_YOUR TASK_
An exact reproduction is required of the lines from the beginning of the entries through the line with "Hit Mahjong Wins", pictures excluded and nothing added.

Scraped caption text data
+++++
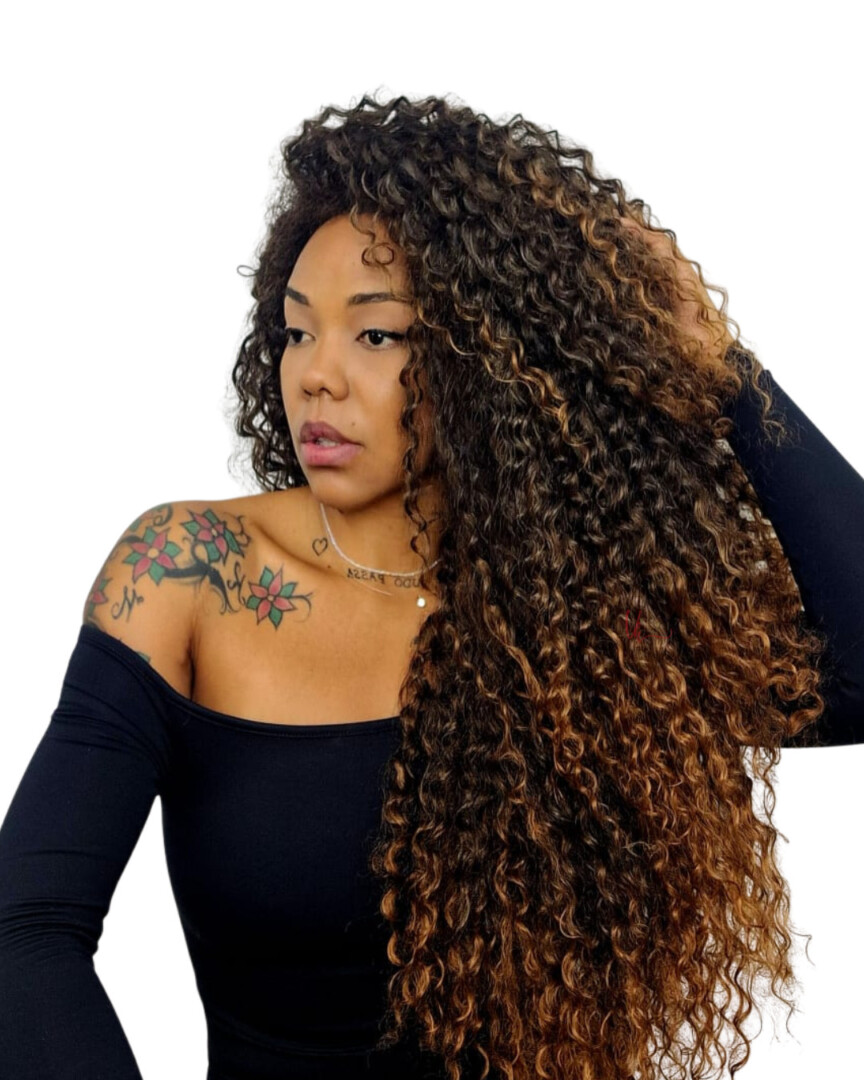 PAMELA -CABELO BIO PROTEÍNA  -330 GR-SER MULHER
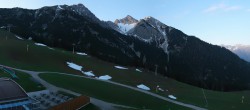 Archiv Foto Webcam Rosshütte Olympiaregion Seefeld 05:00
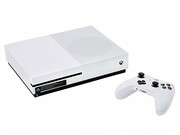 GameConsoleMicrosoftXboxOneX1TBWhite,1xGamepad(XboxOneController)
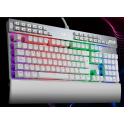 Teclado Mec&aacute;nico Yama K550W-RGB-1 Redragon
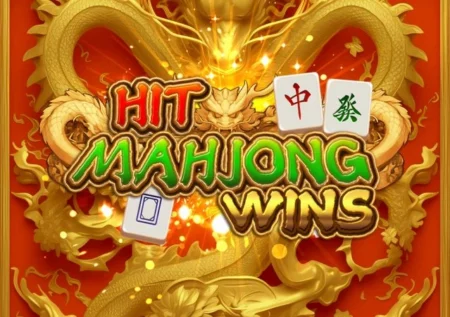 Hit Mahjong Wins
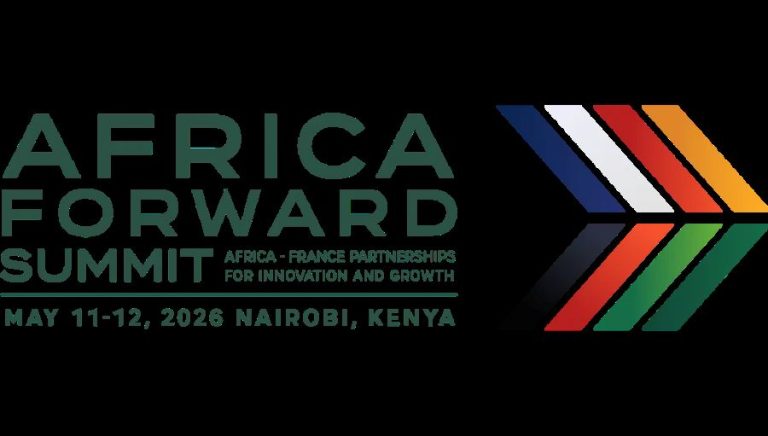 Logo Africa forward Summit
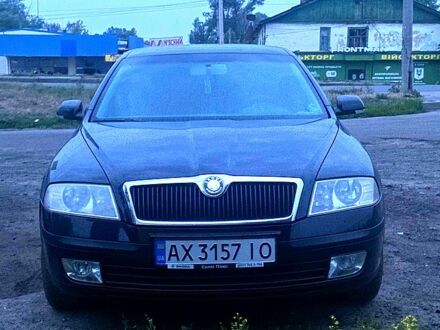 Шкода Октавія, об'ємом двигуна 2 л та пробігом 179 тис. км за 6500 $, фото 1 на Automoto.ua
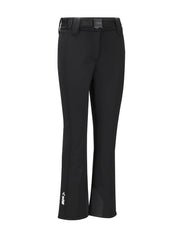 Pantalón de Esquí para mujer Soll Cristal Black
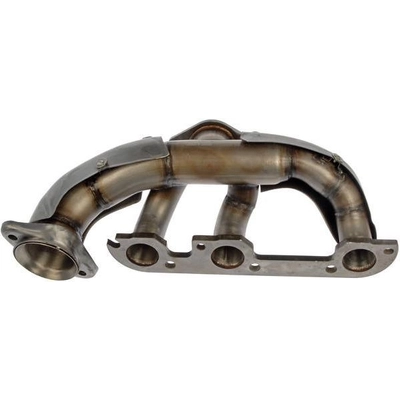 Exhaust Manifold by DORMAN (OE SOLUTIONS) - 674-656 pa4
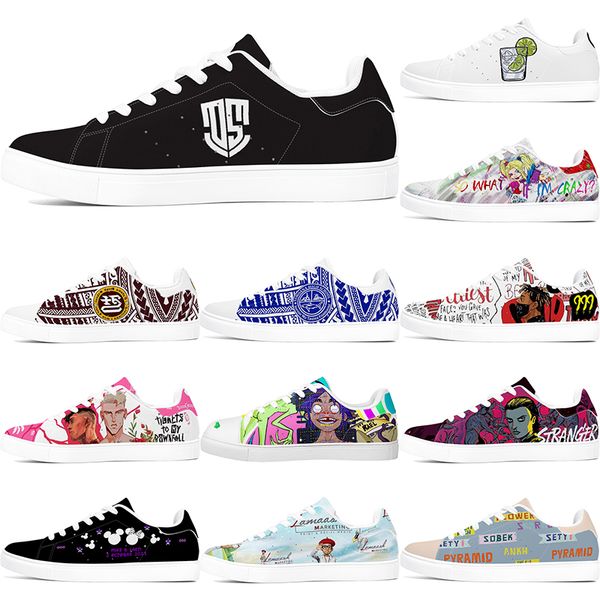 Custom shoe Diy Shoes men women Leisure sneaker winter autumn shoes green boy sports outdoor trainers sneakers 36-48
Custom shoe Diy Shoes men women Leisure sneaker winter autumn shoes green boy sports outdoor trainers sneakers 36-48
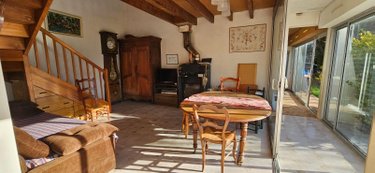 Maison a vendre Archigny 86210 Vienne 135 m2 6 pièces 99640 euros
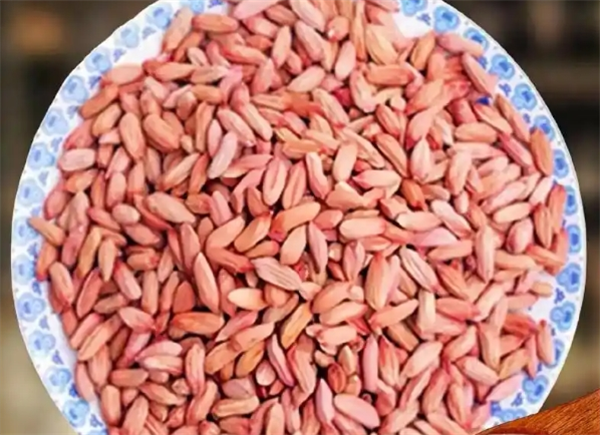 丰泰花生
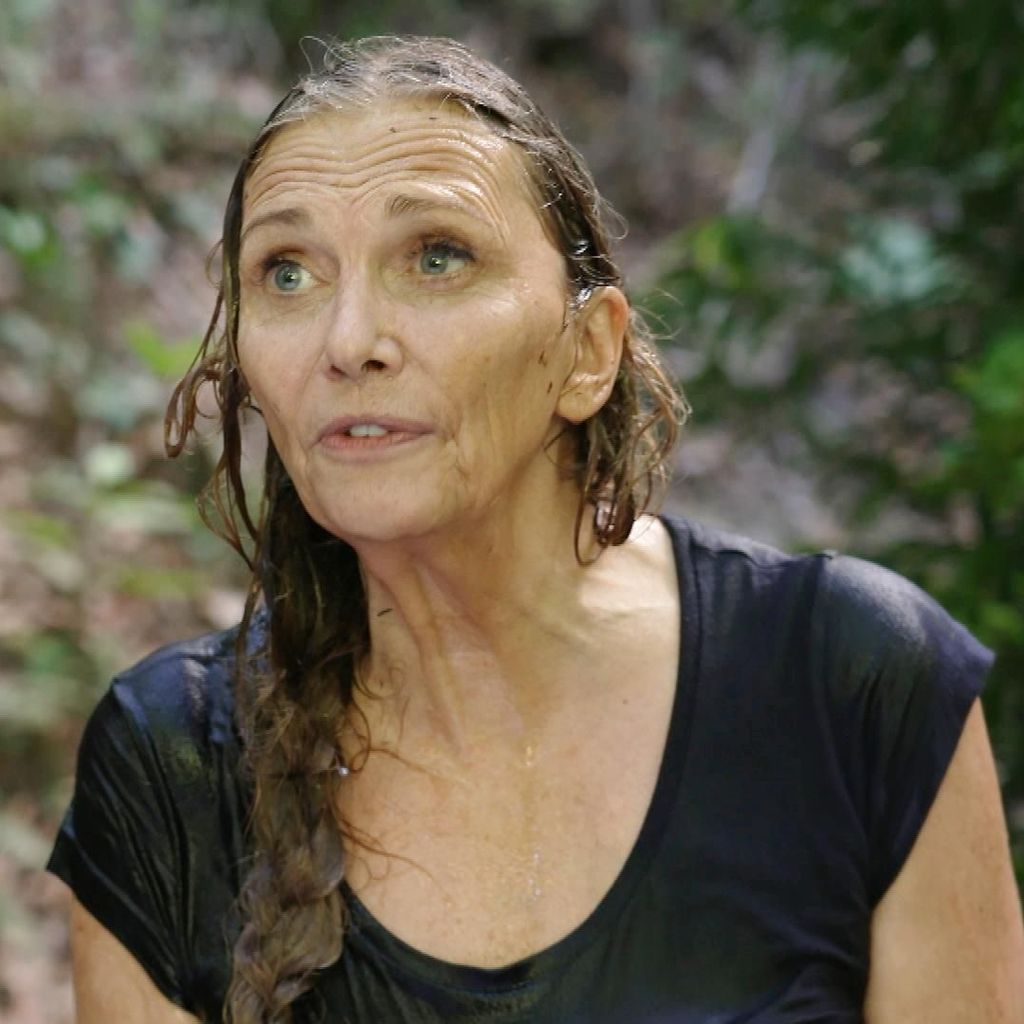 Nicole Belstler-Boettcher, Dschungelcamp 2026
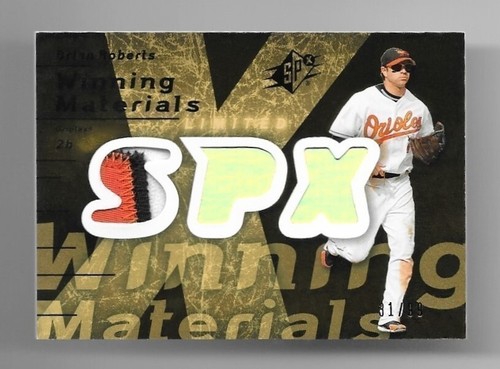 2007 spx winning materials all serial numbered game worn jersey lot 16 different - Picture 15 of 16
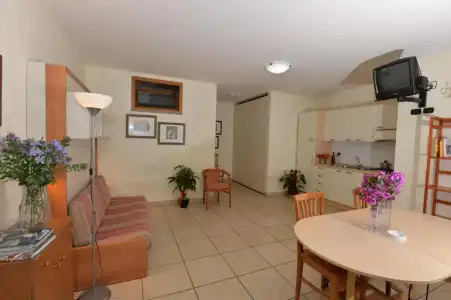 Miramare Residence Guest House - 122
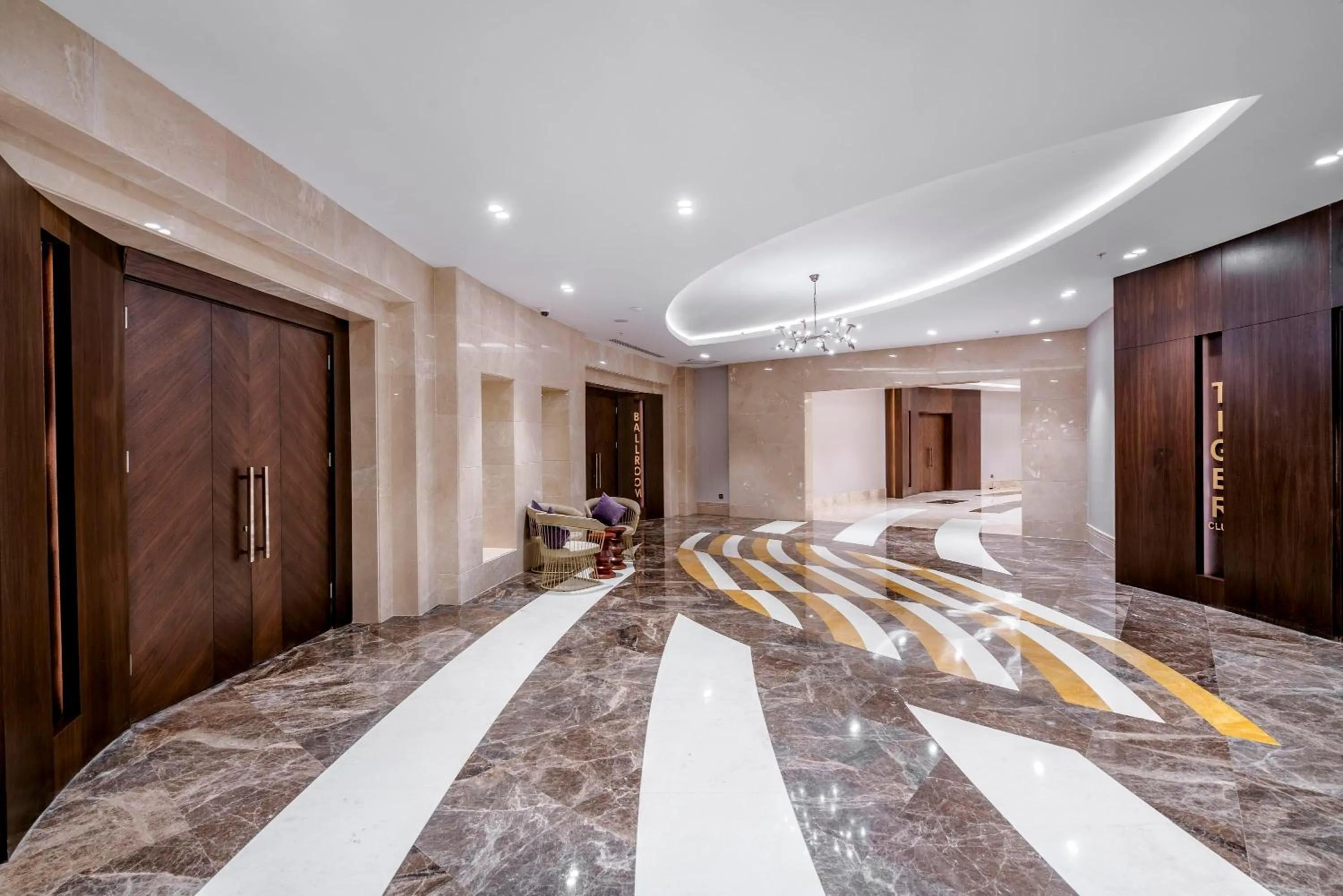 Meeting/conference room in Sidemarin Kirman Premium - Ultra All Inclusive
+++++
_ANSWER SPACE_
 PAMELA -CABELO BIO PROTEÍNA  -330 GR-SER MULHER
 Archiv Foto Webcam Rosshütte Olympiaregion Seefeld 05:00
 GameConsoleMicrosoftXboxOneX1TBWhite,1xGamepad(XboxOneController)
 Teclado Mec&aacute;nico Yama K550W-RGB-1 Redragon
 Hit Mahjong Wins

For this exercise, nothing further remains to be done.